What you need to do:
Every line below from the one containing "Suspension & Steering" through the one containing "NIIMBOT M3 Label Printer (White)" is to be printed exactly, with the pictures omitted.

[Materials provided Boundary: Start]

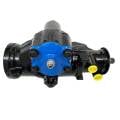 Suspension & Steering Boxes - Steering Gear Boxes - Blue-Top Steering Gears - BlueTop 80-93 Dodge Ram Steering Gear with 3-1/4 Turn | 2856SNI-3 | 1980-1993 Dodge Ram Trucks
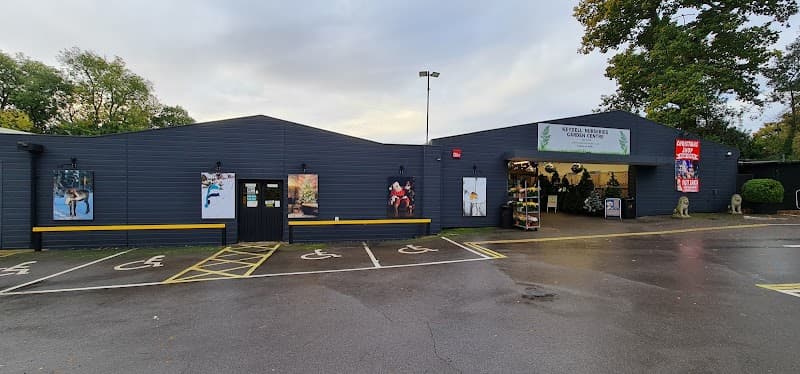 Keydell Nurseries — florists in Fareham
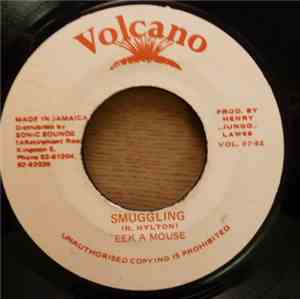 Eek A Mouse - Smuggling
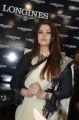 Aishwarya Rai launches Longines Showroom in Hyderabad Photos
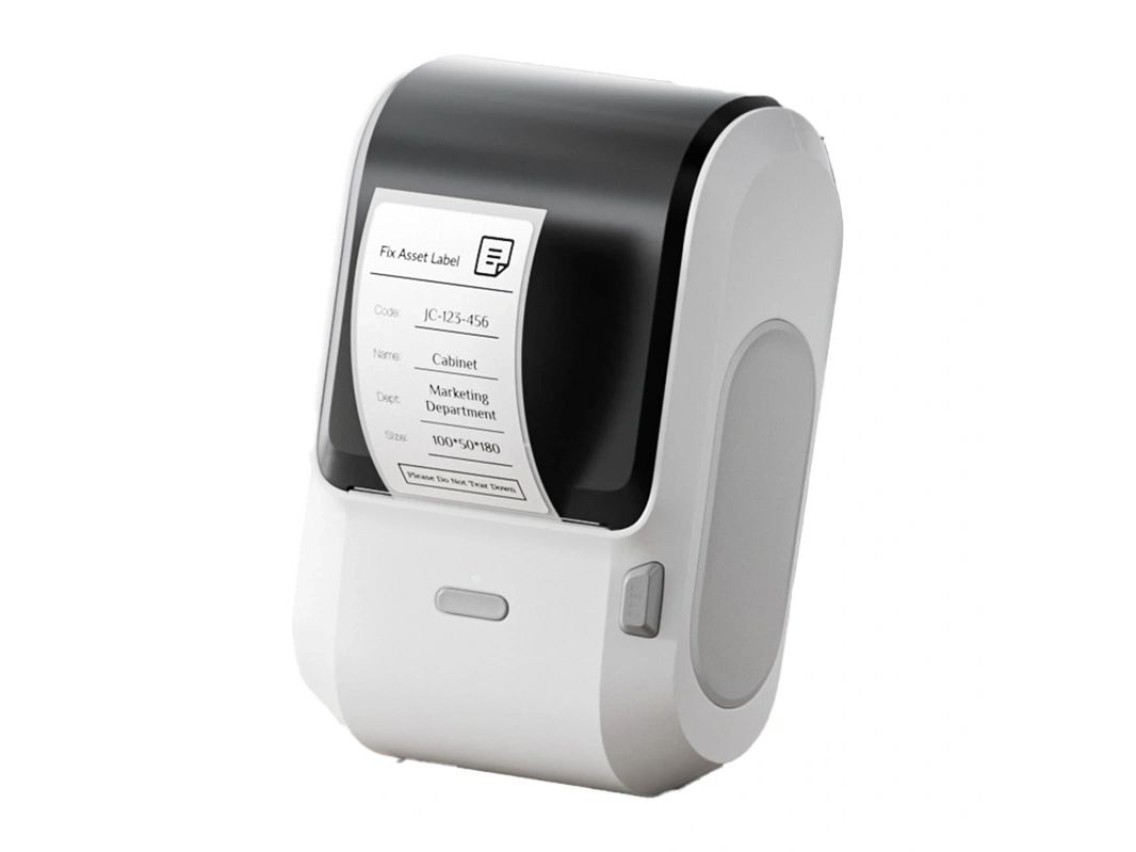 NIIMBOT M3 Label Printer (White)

[Materials provided Boundary: End]
[Materials provided Boundary: Start]

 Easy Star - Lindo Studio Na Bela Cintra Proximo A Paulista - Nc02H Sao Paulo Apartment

[Materials provided Boundary: End]
[Materials provided Boundary: Start]

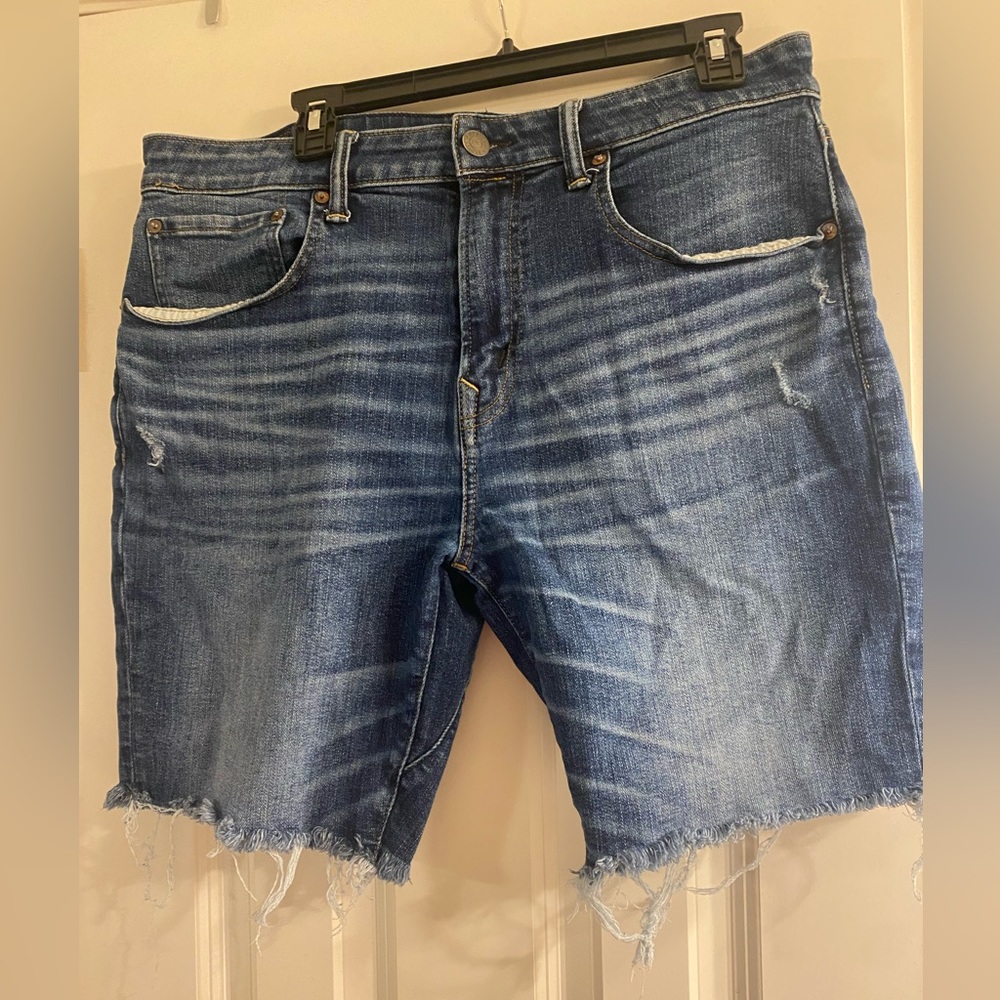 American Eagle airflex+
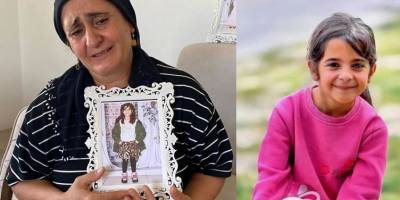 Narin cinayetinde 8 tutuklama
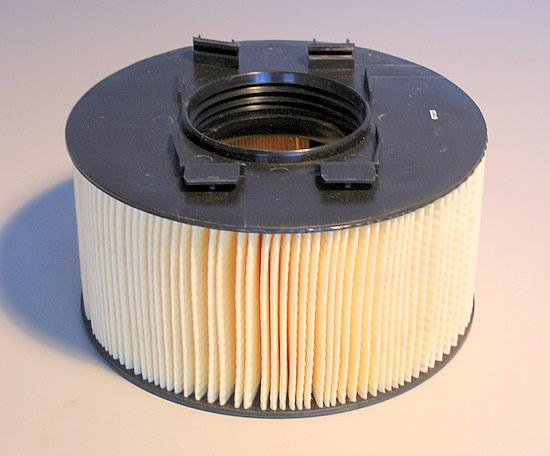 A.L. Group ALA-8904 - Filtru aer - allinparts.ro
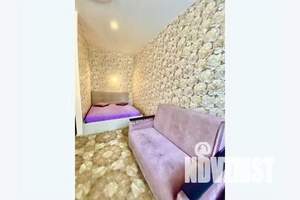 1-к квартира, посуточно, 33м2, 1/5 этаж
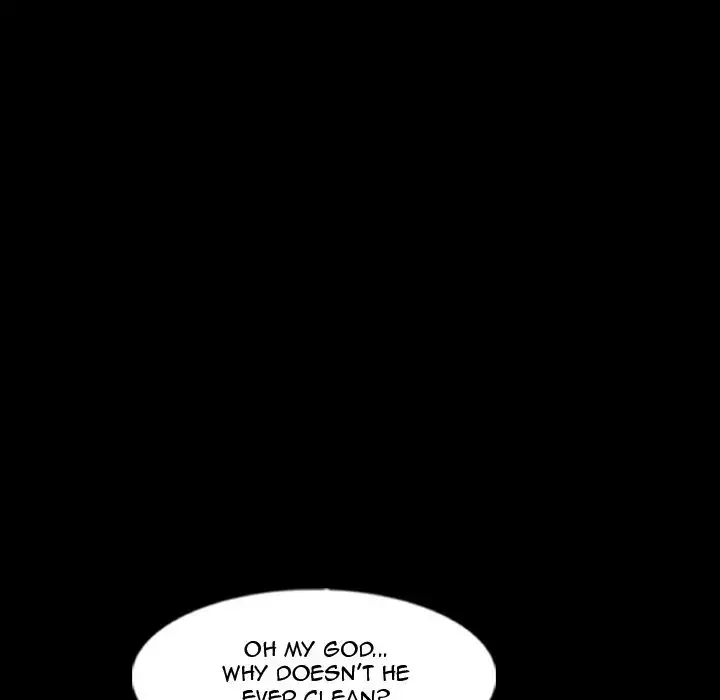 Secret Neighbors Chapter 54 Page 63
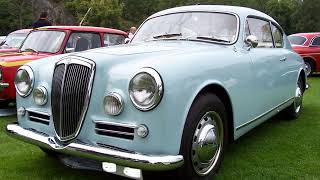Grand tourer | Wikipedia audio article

[Materials provided Boundary: End]

Your solution:
 Suspension & Steering Boxes - Steering Gear Boxes - Blue-Top Steering Gears - BlueTop 80-93 Dodge Ram Steering Gear with 3-1/4 Turn | 2856SNI-3 | 1980-1993 Dodge Ram Trucks
 Keydell Nurseries — florists in Fareham
 Eek A Mouse - Smuggling
 Aishwarya Rai launches Longines Showroom in Hyderabad Photos
 NIIMBOT M3 Label Printer (White)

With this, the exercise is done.